Here's a hint: you've been hearing about these a lot lately.
With automakers now reporting their first-quarter earnings and sales figures, Swedish company Volvo has a lot to celebrate. Volvo's sales rose 9.4% to 161,320 units while net revenue also increased by 10.7% compared to Q1 2018. So why then is Volvo still unhappy after these results?
Even though the automaker sold more cars and brought in more revenue, its operating profit decreased by 19.3%, its net income decreased by 21.6%, and its earnings before interest and taxes (EBIT) went from 6.4% to just 4.6%. So what was the cause of Volvo's lost earnings? As we feared, tariffs have severely hurt Volvo's bottom line.
Volvo CEO Hakan Samuelsson issued a statement on the company's Q1 results: "The sales growth in the first quarter proves the appeal of Volvo Cars' product portfolio. We grew in all three regions and revenue continued to rise faster than volumes. Compared with last year, profitability was affected by higher tariffs and increased price pressure in many markets."
We've already seen Volvo shuffle its production to avoid being hit with tariffs from the Trump Administration. Volvo just opened a new factory in South Carolina to build the new S60 but it still builds some of its cars in China, which are now subject to tariffs.
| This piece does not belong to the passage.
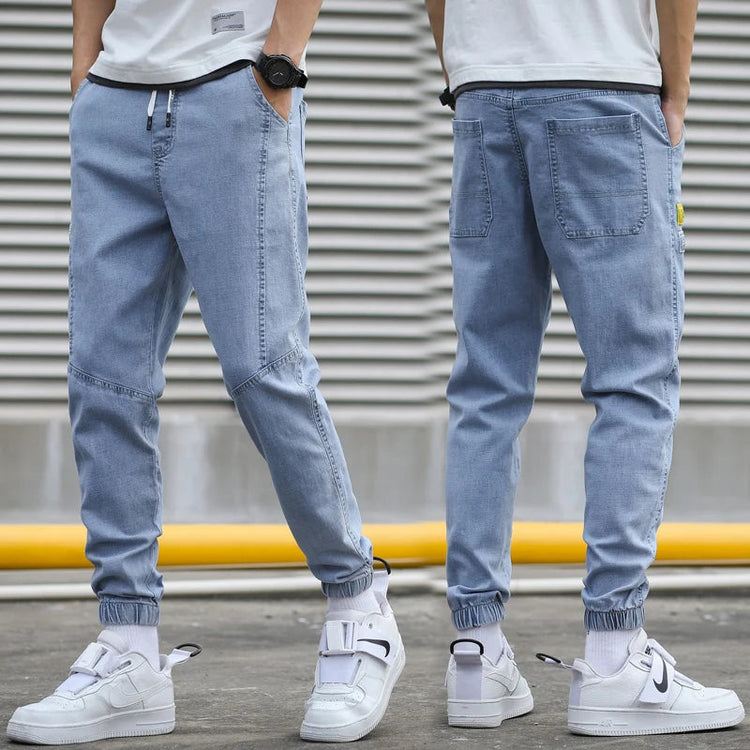 HIQOR Brand Men's Jeans Harem Denim Cargo Pants 2026 New Streetwear Jogger Hip Hop Cotton Trousers Male Blue Oversized 5XL 4XL PlatiNum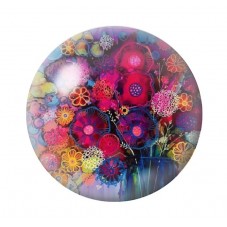 Cabochon en Verre Illustré Fleurs 12 à 25mm pour la création de bijoux fantaisie - DIY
It doesn't seem like the tariff threat will end any time soon, so Volvo will have to rely more heavily on its manufacturing centers in America and Sweden. Volvo still believes it will see "continued growth in sales and revenue" in 2019 but still "expects market conditions to put continued pressure on margins." After being purchased by Chinese automaker Geely in 2010, Volvo has completely turned itself around but that momentum may be heavily stymied unless the US reaches an agreement on trade.